A cutting garden is a dedicated garden space for growing flowers that will be cut and used for indoor decoration. Unlike a traditional garden, where flowers are appreciated in their natural setting, a cutting garden focuses on plants that can produce long-stemmed blooms ideal for bouquets and arrangements.

Q: Which flowers are well-suited for a cutting garden?

Some popular flowers for a cutting garden include Roses, Zinnias, Sunflowers, Dahlias, Peonies, Snapdragons, and Lilies. These varieties offer a range of colors, sizes, and stem lengths suitable for cutting and arranging.

Q: How much space do I need for a cutting garden?

The size of your cutting garden can vary depending on available space and personal preference. Even a small area, such as a 4×4 square foot plot, can produce a bounty of flowers. Larger gardens allow for more variety and continuous blooms.

Q: What kind of soil is best for a cutting garden?

Aim for well-draining soil enriched with compost or organic matter. Most cut flowers thrive in slightly acidic to neutral pH levels (around 6.0-7.0).

Q: What’s the best time to cut flowers from the garden?

A: The optimal time is early morning when flowers are most hydrated and temperatures are cool. This helps ensure they retain their freshness longer after being cut.

Q: How can I extend the vase life of cut flowers?

Remove any leaves below the waterline, cut the stems at an angle, and place them in water as soon as possible. Changing the water every two days and adding a floral preservative can also help.

Q: Can I grow a cutting garden in containers?

Many flowers suitable for cutting gardens can also be grown in containers. This is an excellent option for those with limited space. Ensure your containers have good drainage and are large enough to accommodate the root growth of your chosen plants.

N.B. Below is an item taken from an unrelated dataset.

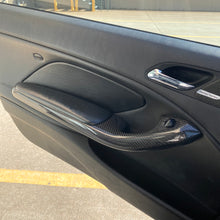 Load image into Gallery viewer, E46 coupe carbon fiber door armrest set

Q: What pests and diseases should I watch out for?

Common pests include aphids, spider mites, and Japanese beetles. Diseases like powdery mildew and botrytis blight can also affect cut flowers. Regular monitoring and appropriate treatment strategies can mitigate these issues.

Q: How can I ensure continuous blooms throughout the season?

Practice succession planting by sowing seeds at regular intervals throughout the growing season. Choose a variety of plants that bloom at different times to keep your cutting garden productive from spring to fall.